Since the 90s, a Blizzard 1230 has been working reliably and seemingly for eternity in my Amiga 1200. In the 2000s, I had given it 128 MB Fast RAM and an SD hard disk so that I could also "play around" with resource-hungry software such as the browser Netsurf (see the corresponding browser test). I never had any problems with the speed, since it is 30 years old hardware. But there was one thing I had always wished for, which was denied me in the desktop version of the 1200: a graphics card. For example, I ran the mail programme YAM under AGA for many, many years, but it was really no feast for the eyes.

When, relatively spontaneously and surprisingly, the PiStorm32-lite project was not only announced at the beginning of October last year, but also completed at the end of last year, and this made it possible to run my Workbench with graphics card resolution, my thoughts also became more concrete. Especially as it is obviously possible to deactivate the card and then run the old games via diskette. I am attached to my Blizzard, but it was decided: a PiStorm32-lite should be purchased.
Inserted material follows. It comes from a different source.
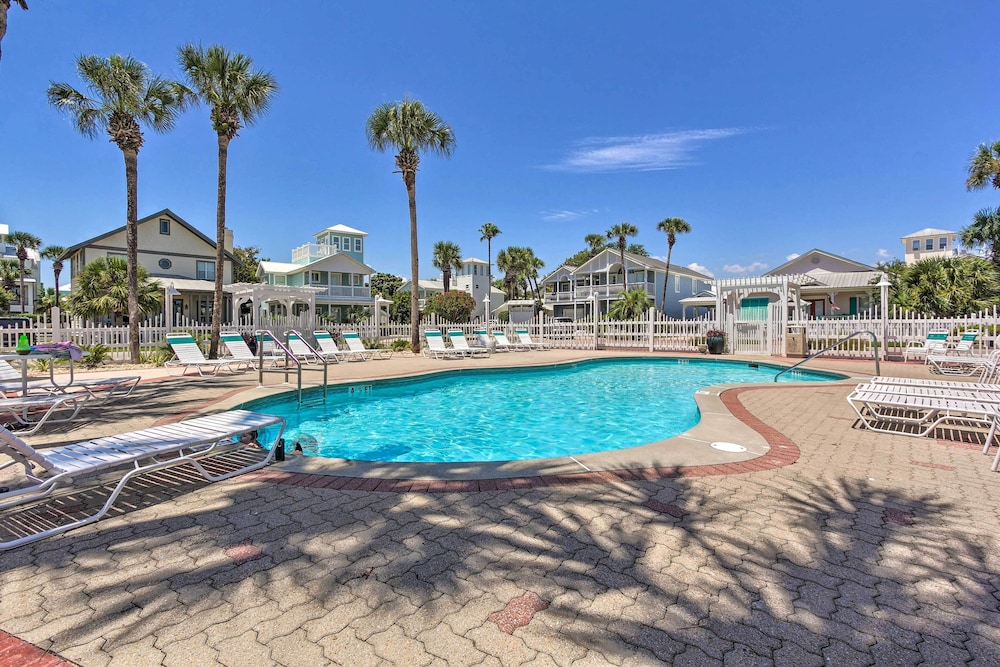 Grand Destin Getaway - Walk a Block to the Beach!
We published a news item the other day about the current availability of the adapter (with and without the required Raspberry Pi), although Amiga Kit now also offers the PiStorm32-lite at a fair price. I ordered the adapter and the Raspberry Pi 3 Model A separately, which arrived as follows:

Having never held a Raspberry Pi in my hands before, I was amazed at how small this single-board computer is. Especially when you had just looked into the tower of the X5000 ;) I have to admit, I'm not a born hobbyist and haven't messed around with the 1200 for ages, but assembling the adapter with the Pi and then installing it in the 1200 is doable.
First, the thermal pad is put onto the square surface provided for it:

Then place the three spacers on the holes:

Now put on the Raspberry Pi and also fix the insulation rail with the three screws:

The assembled card must now be installed in the trapdoor expansion slot on the underside of the housing. In my case, the Blizzard 1230 turbo card was in there together with the memory bar, which first has to be removed:

At the top left you can still see the SCSI cable, which I had also removed. Possibly it is meant to be inserted this way now, but with my two clumsy hands it did not work well. Since I had to open the case in such and such a way to remove the cable, I didn't try for long and was able to install the card well this way:

Incidentally, the HDMI connection can be seen in the top centre, and the USB connection in the centre right. In contrast to the Raspberry Pi 4, the 3 version has a normal HDMI connection and not a micro HDMI connection. As you can see from my standard HDMI cable: that's going to be tight!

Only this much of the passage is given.